Exactly as they appear, transcribe the entries and skip any pictures.

◆ Extracted material ◆
Segment Open

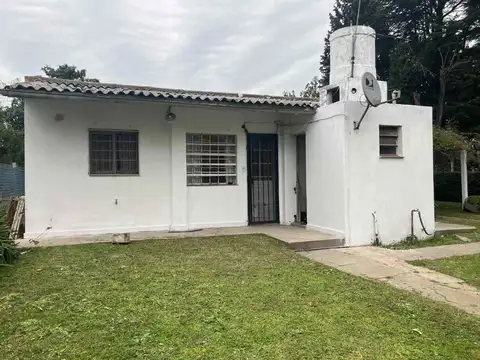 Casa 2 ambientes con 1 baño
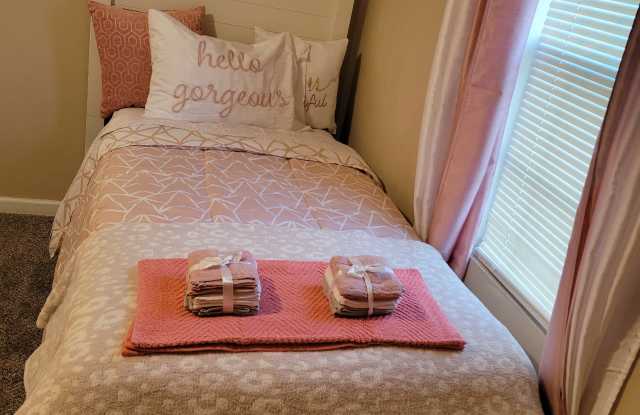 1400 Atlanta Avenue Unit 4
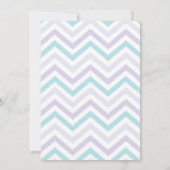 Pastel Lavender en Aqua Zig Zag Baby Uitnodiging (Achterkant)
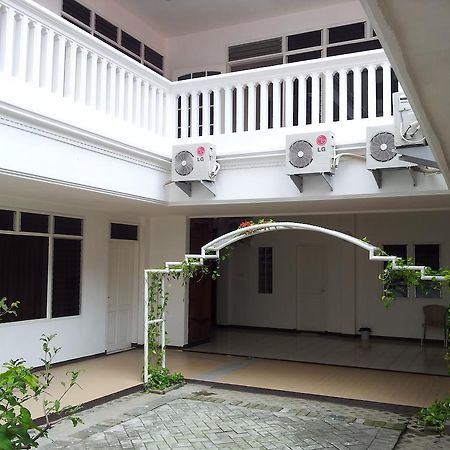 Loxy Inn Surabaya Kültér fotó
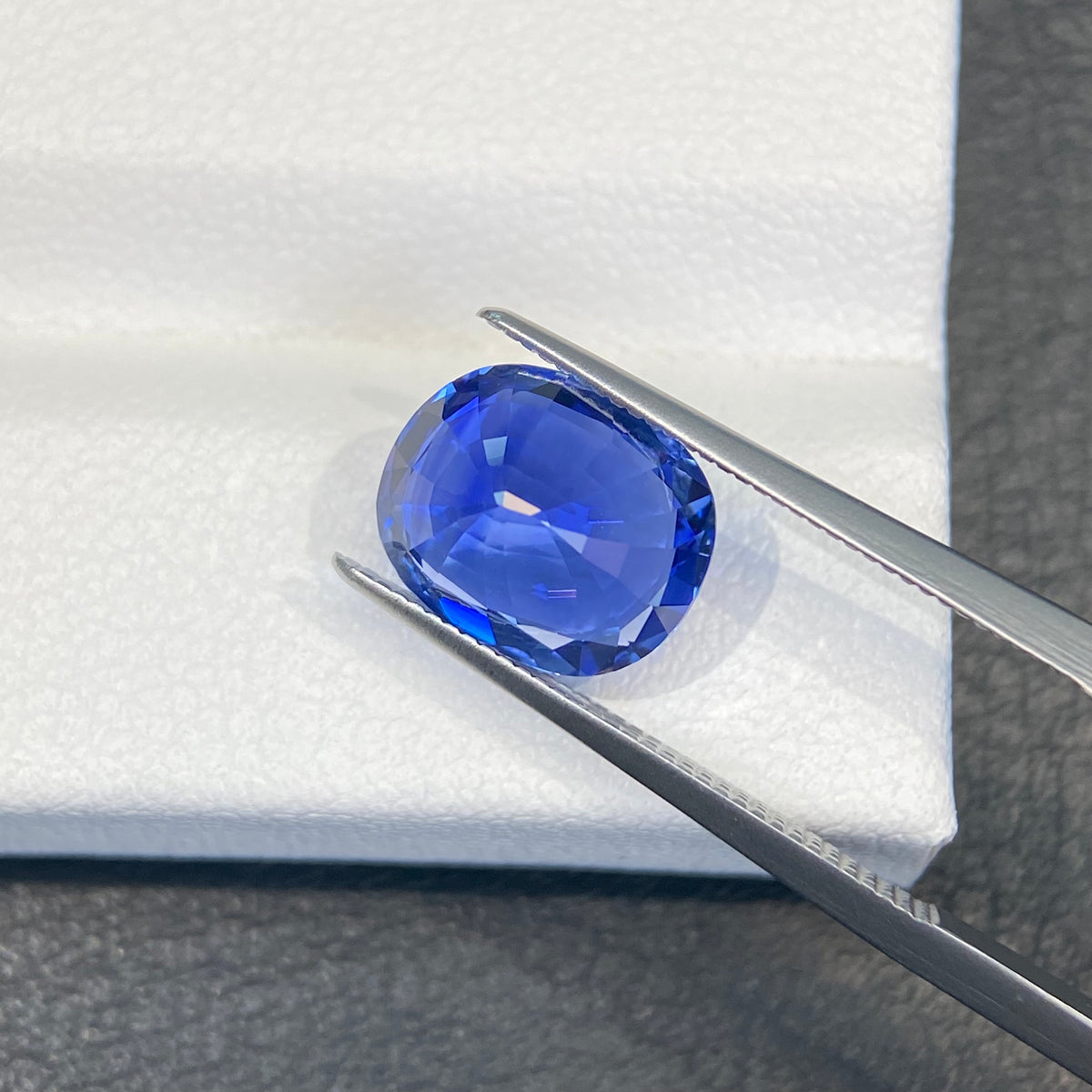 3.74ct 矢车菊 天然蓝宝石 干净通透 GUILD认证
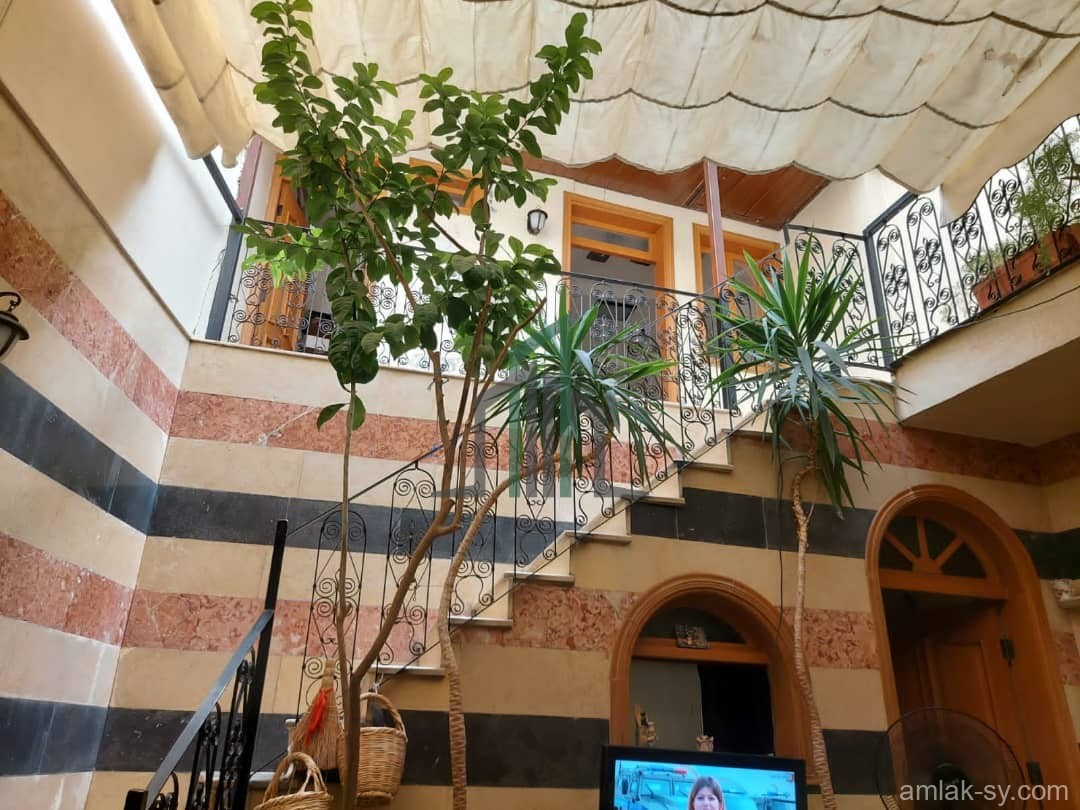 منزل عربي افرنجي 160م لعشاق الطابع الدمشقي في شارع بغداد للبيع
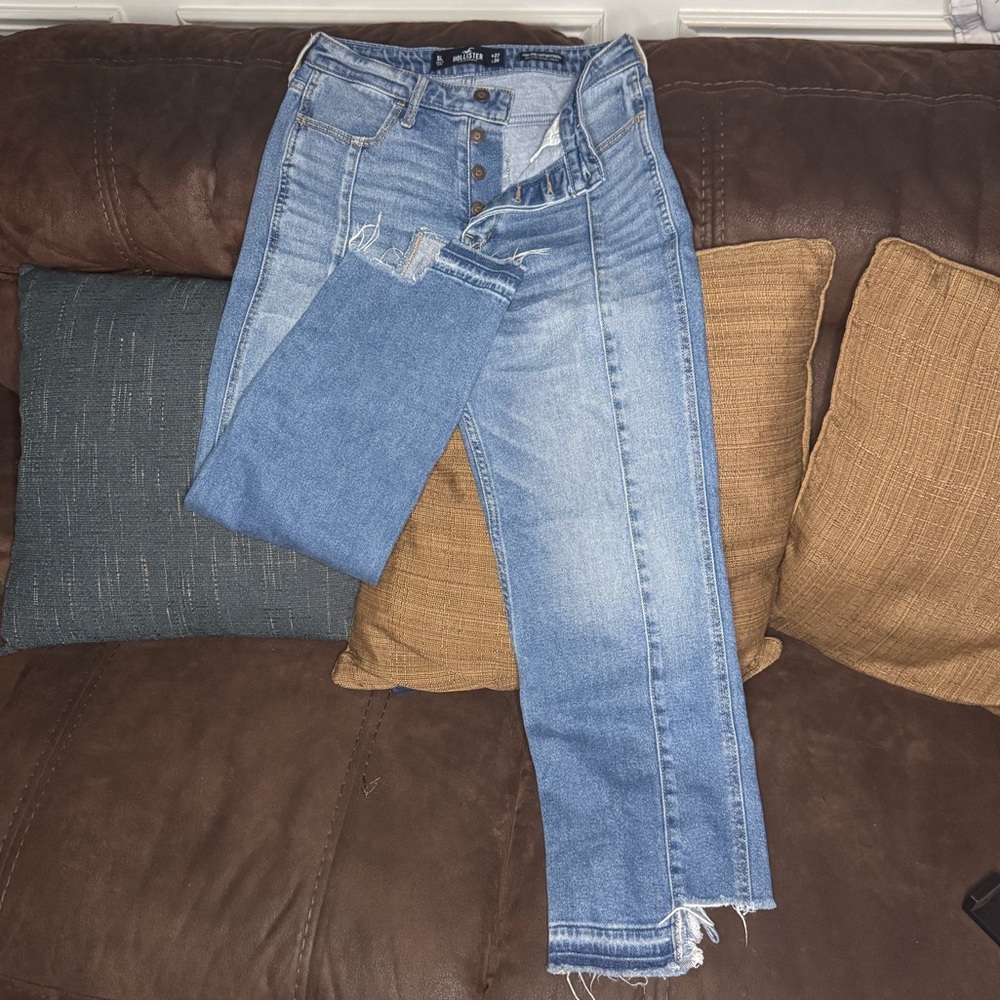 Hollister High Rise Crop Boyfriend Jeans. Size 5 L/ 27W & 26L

Segment Closed

◆ Answer space ◆
 Casa 2 ambientes con 1 baño
 1400 Atlanta Avenue Unit 4
 Pastel Lavender en Aqua Zig Zag Baby Uitnodiging (Achterkant)
 Loxy Inn Surabaya Kültér fotó
 3.74ct 矢车菊 天然蓝宝石 干净通透 GUILD认证
 منزل عربي افرنجي 160م لعشاق الطابع الدمشقي في شارع بغداد للبيع
 Hollister High Rise Crop Boyfriend Jeans. Size 5 L/ 27W & 26L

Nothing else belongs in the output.